Last weekend at Safeco Field, the Seattle Mariners dropped three out of four games against the Oakland A's. They were outscored 16–10 and mustered only 21 total hits. It was, as series go, not very pretty.

That same weekend at Steinbacher Field—home to exasperated girlfriends and leafy substances of dubious legality—those same Seattle Mariners thoroughly cleaned the clocks of Oakland's pitchers to the tune of 26 runs in four games, all while allowing just three runs total the entire series. Pitching phenom Felix Hernandez came close to tossing perfection, and Ichiro pounded a very un-Ichiro-like six home runs in three games. Even Adrian Beltre was a hitting machine. It was, as series go, very, very pretty.

The Major League Baseball 2K franchise has long led the pack of baseball video games, offering quality presentation, sharp controls, and an attention to detail that has helped it rise above its competitors. This year, however, they're the only game in town, having inked an exclusive deal with Major League Baseball, one that effectively crippled rival Electronic Arts' competing MVP Baseball franchise. It was a shrewd business move (and a spiteful one, since EA penned a similar deal with the NFL a couple years ago); creatively, though, it appears to have been stifling, as Major League Baseball 2K6 isn't much of an improvement over last year's version, and in some places has even taken a step back—the equivalent of going from 90 wins to 70 wins after some misguided roster tinkering during the off-season.

Game play remains, for the most part, solid.
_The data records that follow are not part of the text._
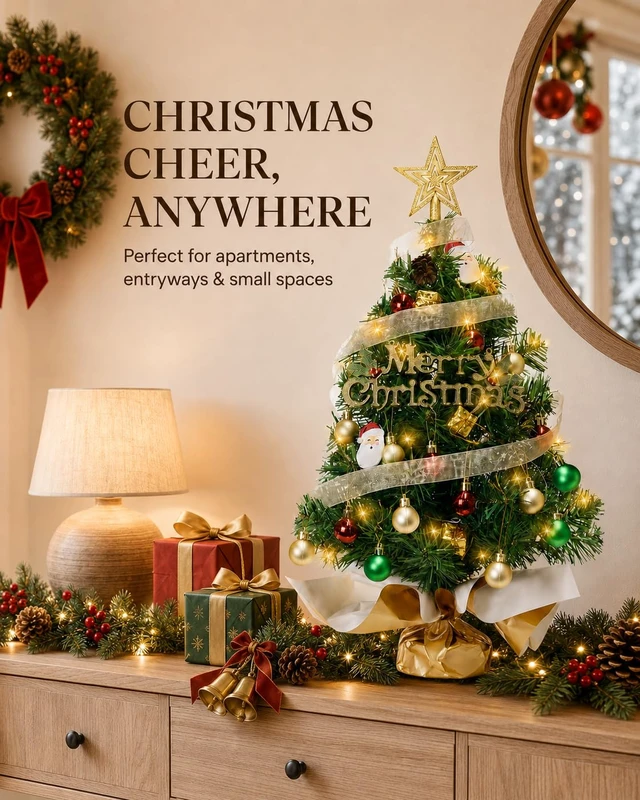 Alt view image 2 of 7 - 24 Inch Mini Christmas Tree with 50 LEDs, DIY Kit, Battery Powered | 2ft Tabletop Tree-70 Branches-For Dorms,Offices,Apartments,Classrooms Desks & Small spaces-Christmas Decorations Gifts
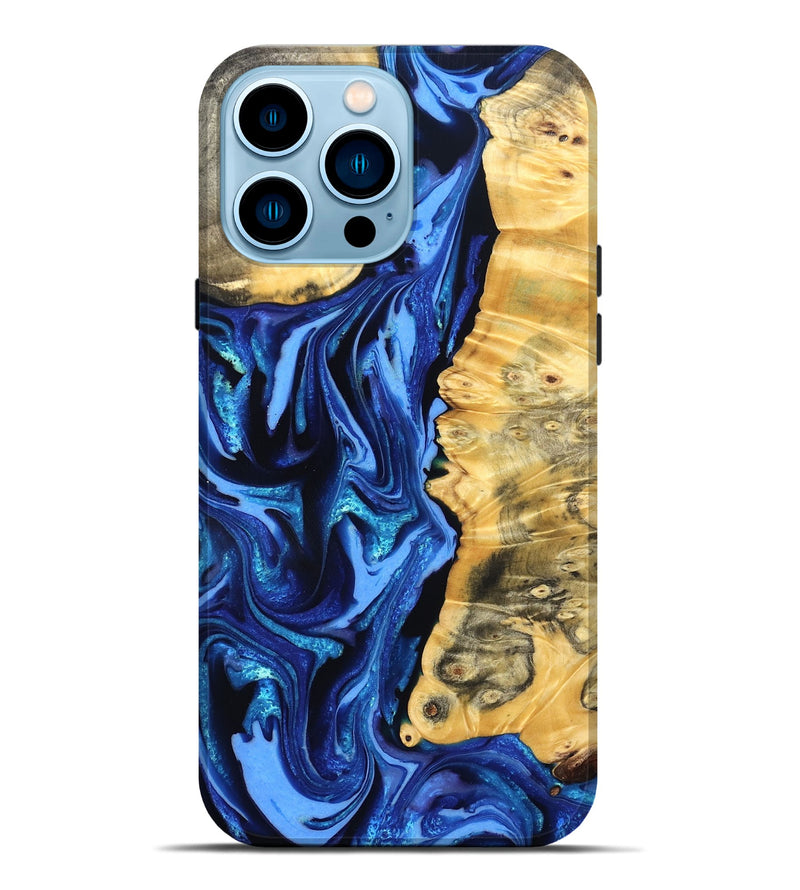 iPhone 14 Pro Max Wood Live Edge Phone Case - Daniela (Blue, 823233)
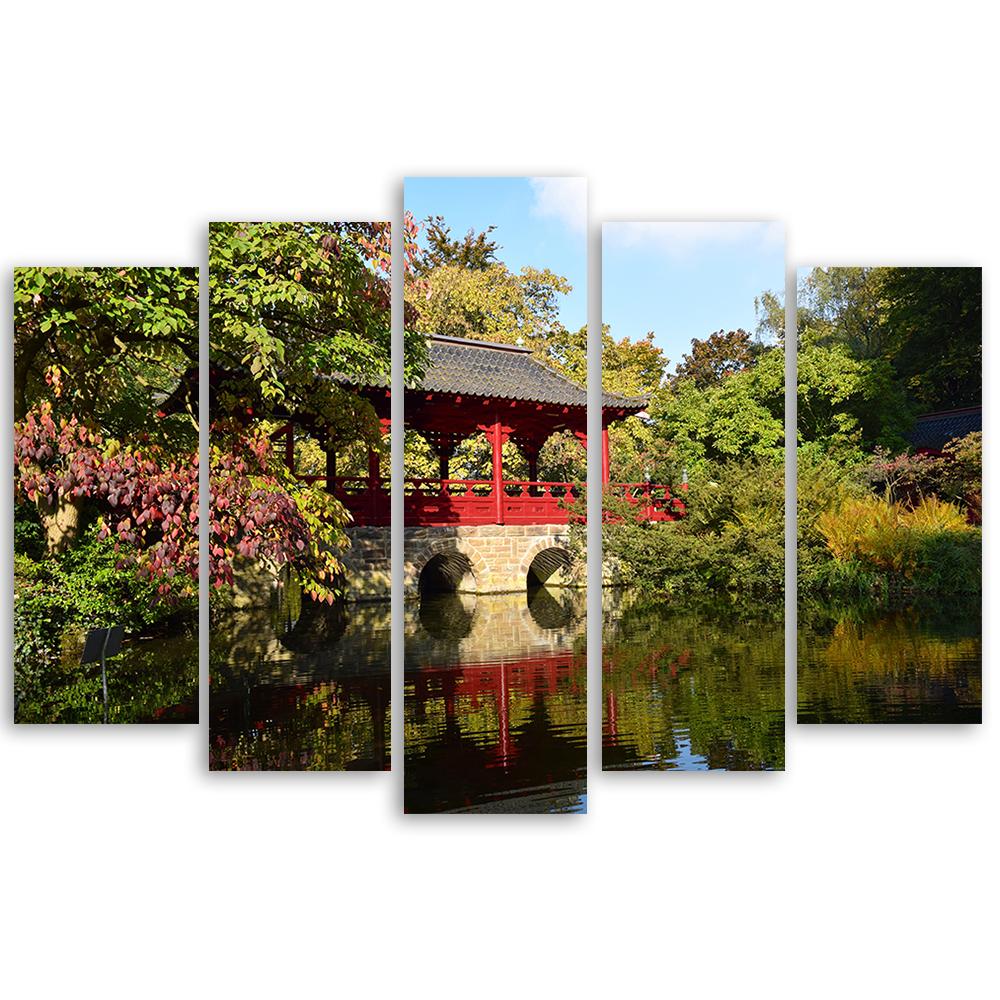 Fünfteiliger Leinwanddruck „Garten Japan Landschaft“.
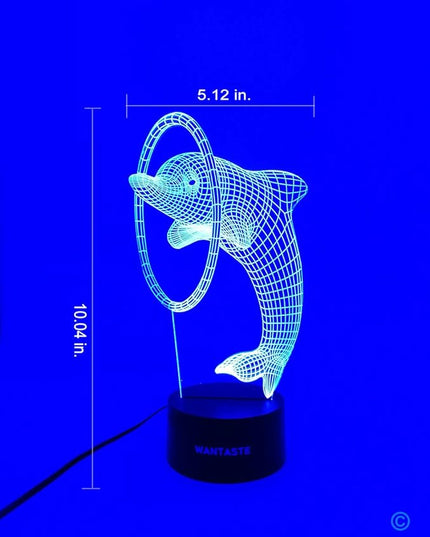 Dolphin 3D Lamp Gifts for Boys Girls Room, Night Light Toys Bedside Decor Gifts for Kids Baby, 7 Colors Changing Nightlight with Smart Control - LeafyLoom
Batting can be handled via either the analog stick or classic button mashing, and each swing feels fluid and natural. Pitching is all about precision, with pitch selection and pinpoint accuracy ruling the mound, and hurler fatigue providing a decent amount of strategy. And though fielding can occasionally feel sluggish (and routine pop-ups can sometimes be dropped), it's not enough to drag things down too severely.

Where things do get dragged down, however, are in player intelligence and presentation—two elements that are normally 2K's standouts. On the A.I. front, 2K6 relies far too heavily on unforced errors to keep games competitive; passed balls happen too frequently and conveniently, and CPU opponents routinely nail clutch hits no matter what you throw at them. As for presentation, the series lost its partnership with ESPN this year, and though both Jon Miller and Joe Morgan continue to provide play-by-play, the game's overall production is at best on par with regional Fox Sports coverage—bland and second-rate.

Still, these grievances aside, Major League Baseball 2K6 offers enough for those of us obsessed with baseball—and obsessed with playing baseball during baseball season—to enjoy. It's not perfect, by any means, but as the oft-spoken lament goes, there's always next year—especially since 2K7 is already in production.